Dimitriou Neofytos, Arandjelović Ognjen, Harrison David J, Caie Peter D
1School of Computer Science, University of St Andrews, St Andrews, KY16 9SX UK.
2School of Medicine, University of St Andrews, St Andrews, KY16 9TF UK.
NPJ Digit Med. 2018 Oct 2;1:52. doi: 10.1038/s41746-018-0057-x. eCollection 2018.

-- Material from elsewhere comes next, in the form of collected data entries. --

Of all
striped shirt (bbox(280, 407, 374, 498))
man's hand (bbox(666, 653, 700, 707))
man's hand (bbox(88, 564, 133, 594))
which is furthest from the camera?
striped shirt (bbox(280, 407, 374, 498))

Accurate prognosis is fundamental in planning an appropriate therapy for cancer patients. Consequent to the heterogeneity of the disease, intra- and inter-pathologist variability, and the inherent limitations of current pathological reporting systems, patient outcome varies considerably within similarly staged patient cohorts. This is particularly true when classifying stage II colorectal cancer patients using the current TNM guidelines. The aim of the present work is to address this problem through the use of machine learning. In particular, we introduce a data driven framework which makes use of a large number of diverse types of features, readily collected from immunofluorescence imagery. Its outstanding performance in predicting mortality in stage II patients (AUROC = 0:94), exceeds that of current clinical guidelines such as pT stage (AUROC = 0:65), and is demonstrated on a cohort of 173 colorectal cancer patients.

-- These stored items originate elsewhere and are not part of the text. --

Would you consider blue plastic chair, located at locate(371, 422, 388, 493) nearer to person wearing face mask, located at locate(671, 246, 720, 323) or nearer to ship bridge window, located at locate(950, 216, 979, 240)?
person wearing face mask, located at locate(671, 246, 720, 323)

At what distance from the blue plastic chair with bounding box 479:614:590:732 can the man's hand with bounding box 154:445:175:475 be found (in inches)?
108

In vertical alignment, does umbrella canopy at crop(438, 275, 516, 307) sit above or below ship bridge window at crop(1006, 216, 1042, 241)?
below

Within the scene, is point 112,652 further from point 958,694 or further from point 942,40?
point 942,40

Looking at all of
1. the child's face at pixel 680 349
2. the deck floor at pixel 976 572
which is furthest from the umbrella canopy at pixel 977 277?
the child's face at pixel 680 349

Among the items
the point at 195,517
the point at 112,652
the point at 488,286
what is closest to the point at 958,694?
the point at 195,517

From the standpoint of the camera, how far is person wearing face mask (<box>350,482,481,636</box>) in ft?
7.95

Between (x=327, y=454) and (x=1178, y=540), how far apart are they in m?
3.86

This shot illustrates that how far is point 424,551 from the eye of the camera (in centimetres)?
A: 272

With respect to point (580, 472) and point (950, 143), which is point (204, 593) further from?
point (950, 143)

准确的预后对于为癌症患者制定合适的治疗方案至关重要。由于疾病的异质性、病理学家内部和之间的变异性以及当前病理报告系统的固有局限性,在分期相似的患者队列中,患者的预后差异很大。在使用当前的TNM指南对II期结直肠癌患者进行分类时尤其如此。本研究的目的是通过使用机器学习来解决这个问题。特别是,我们引入了一个数据驱动的框架,该框架利用了大量从免疫荧光图像中容易收集到的不同类型的特征。其在预测II期患者死亡率方面的出色表现(AUROC = 0.94)超过了当前的临床指南,如pT分期(AUROC = 0.65),并在一组173例结直肠癌患者中得到了验证。